The answer might seem obvious. “Virtually every influential position in China is held by a party member,” as Bruce Dickson of George Washington University has noted. Leaks like the Panama papers have revealed the offshore riches accumulated by the families of party leaders. And Chinese social media will occasionally erupt over indiscreet displays of wealth or privilege by members, like the boss of a PetroChina subsidiary, spotted strolling through a Chengdu shopping district in June holding hands with a fashionable younger employee who was not his wife. Yet changes in the party and the economy may be eroding the material benefits of membership.

Party members can be found at every rung of the economic ladder. Of the poorest tenth of Chinese households, about 14% contain a party member, according to the China Household Finance Survey by Southwestern University of Finance and Economics. A third of members are farmers and workers (down from two-thirds in 1994). Since becoming head of the party in 2012, Mr Xi has urged cadres to adhere to a less hedonistic lifestyle. “Incorruptibility is a blessing and greed is a curse,” he advised in a recent speech.

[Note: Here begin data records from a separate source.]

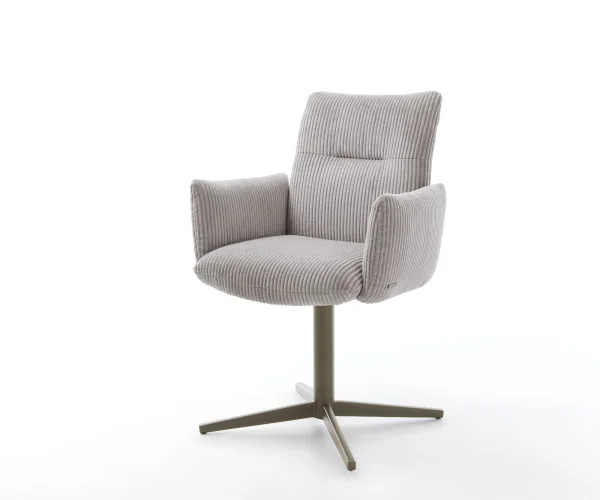 Drehstuhl Jova-Flex mit Armlehnen Cord Silbergrau Fußkreuz Effektfinish Titan 360° drehbar Taschenfederkern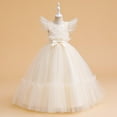 thumbnail image 2 of Zpanxa Robes à Fleurs pour Filles Robe Princesse en Satin de Couleur Unie Robe de Fête d'Anniversaire de Spectacle Coton Polyester Jaune 11 Ans, 2 of 7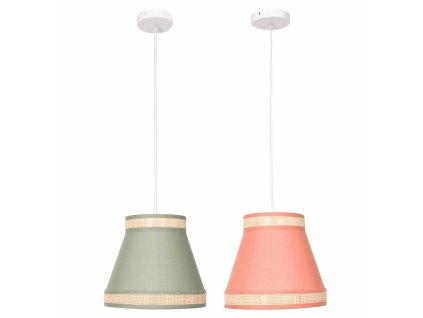 Stropné svetlo DKD Home Decor Prírodná Oranžová Polyester zelená Ratan (28 x 28 x 28 cm) (2 kusov)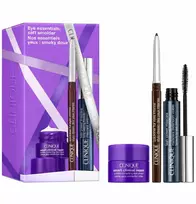 Clinique Eye Essentials: Soft Smolder rinkinys – tūsas blakstienoms 6 ml + akių pieštukas 0.14 g + kremas po akimis 5 ml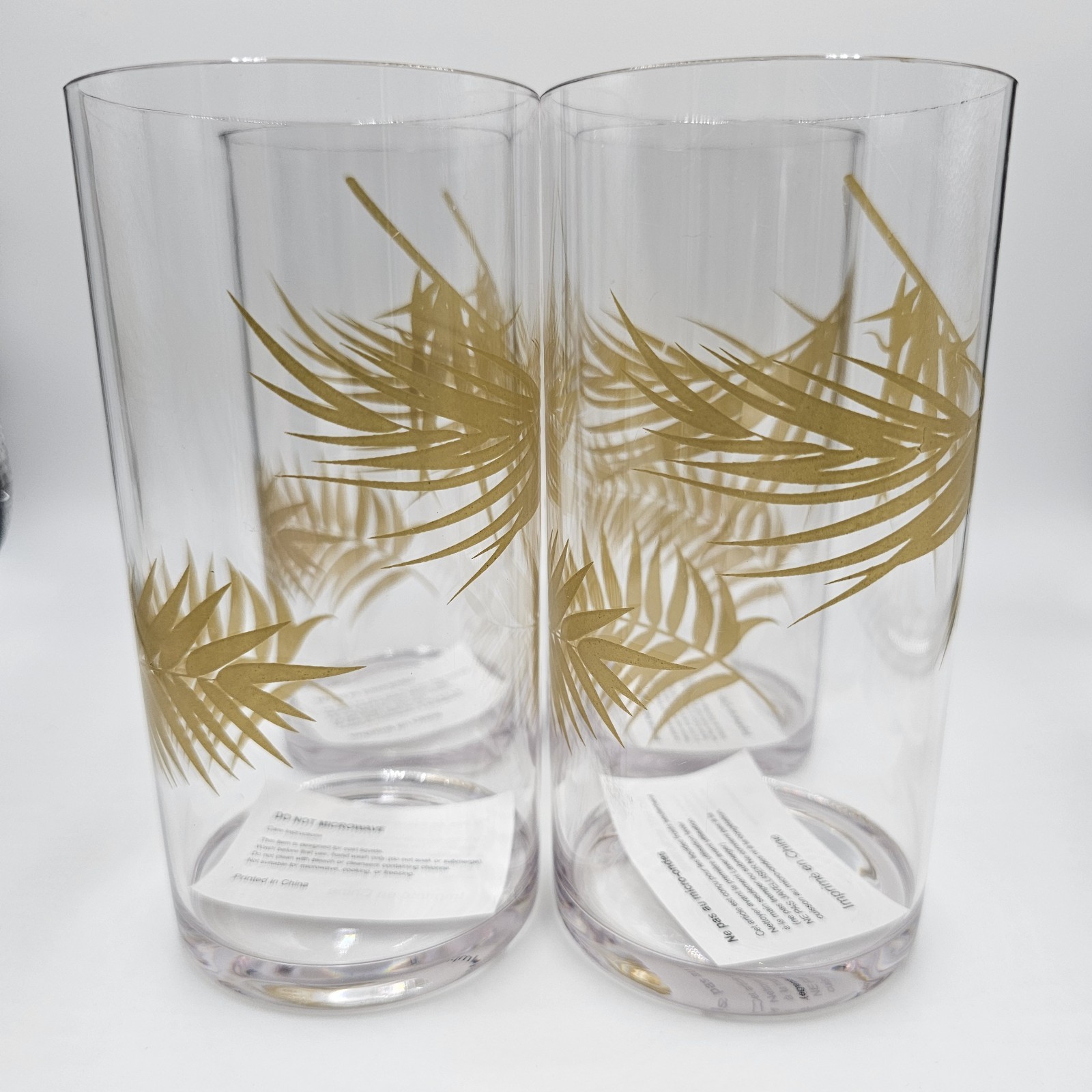 Chic & Tonic Sweet Paradise Highball Acrylic/Plastic Glasses Set Of 4 Gold Palms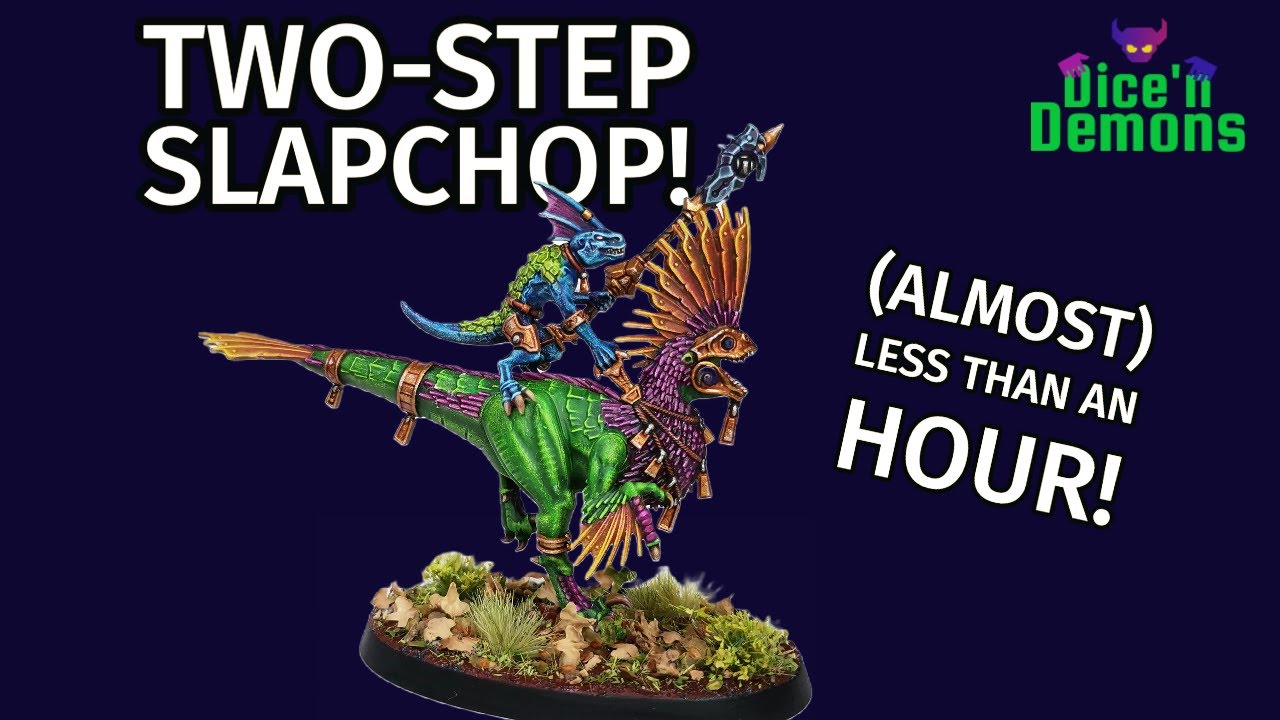 Painting the new Seraphon Raptadon for Age of Sigmar using a two-step slapchop technique!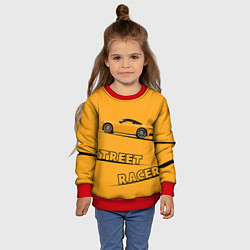 Свитшот детский Желтая машинка street racer, цвет: 3D-красный — фото 2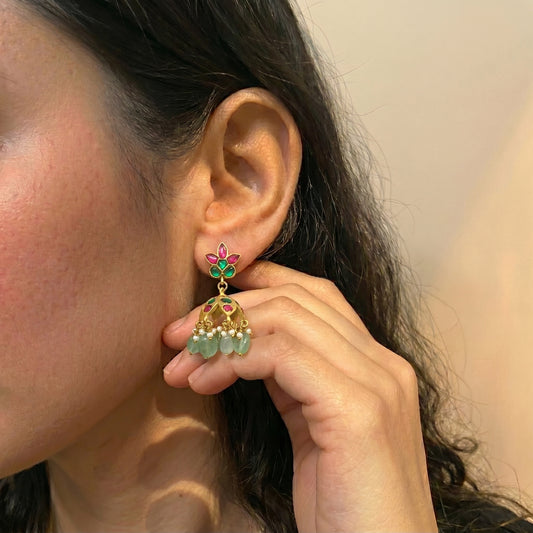 Jadau Flower Jhumki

In work published in 2019, Plamen Nikolov of Binghamton University and co-authors calculate a 20% wage premium for members over similar workers. One reason, according to other research, may be that card-carrying communists are more likely to get jobs in state-owned enterprises (soes) and official institutions. Figures released in May show urban soes last year paid 89% more than private firms in cities. This gap has grown during Mr Xi’s reign.

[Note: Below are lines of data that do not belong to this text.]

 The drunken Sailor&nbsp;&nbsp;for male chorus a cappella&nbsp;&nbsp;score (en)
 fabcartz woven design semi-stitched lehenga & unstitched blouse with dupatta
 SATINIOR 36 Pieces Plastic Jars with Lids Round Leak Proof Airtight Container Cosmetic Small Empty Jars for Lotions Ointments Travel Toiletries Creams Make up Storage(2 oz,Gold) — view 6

But as any well-trained communist knows, true economic clout derives not from labour but capital. So how does party membership affect the assets people own, such as their stocks, bonds and property?

Recent research by Matteo Targa of diw Berlin and Li Yang of the Paris School of Economics reaches a surprising conclusion. The two economists look at the urban wealth distribution, as documented by the China Household Finance Survey. In each wealth bracket, some fraction of households include party members. If the fraction were to increase by one percentage point, what would happen to that bracket’s wealth? Messrs Targa and Li calculate that at the lower rungs of the wealth distribution, party membership makes a substantial difference. At the tenth percentile, for example, a one-percentage-point increase in party-membership rates would increase wealth by almost 0.9% (see chart). But the higher up you go, the weaker the financial rewards seemingly offered by membership. For households at the 93rd percentile and beyond, party membership makes no discernible difference at all.

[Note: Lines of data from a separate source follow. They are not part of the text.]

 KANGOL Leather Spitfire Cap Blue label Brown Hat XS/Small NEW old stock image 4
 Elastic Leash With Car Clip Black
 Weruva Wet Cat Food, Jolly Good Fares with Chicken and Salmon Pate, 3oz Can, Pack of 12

One reason for this divergence is property. Among the middle and upper echelons of Chinese society, almost everybody now owns a flat, whether they are a member of the party or not. And so everyone in these wealth brackets has benefited from the long real-estate boom that ended in 2021. Home ownership is, unsurprisingly, patchier among people on the lower rungs of the ladder. For these households, party membership may be a decisive factor governing whether or not they own a flat.

In the five years since the household-finance survey was carried out, home-ownership rates in China have risen further. House prices have also recently fallen in cities, narrowing the gap between the propertied classes and everyone else. Both of these trends probably mean that becoming a communist confers less of a material benefit than it did five years ago, let alone 20 years back. Thanks to these economic forces, Mr Xi may get the more ascetic cadres for which he has been looking. His purges and rectification campaigns have abolished some of the perks of party membership. His mishandling of China’s property market may have helped, too.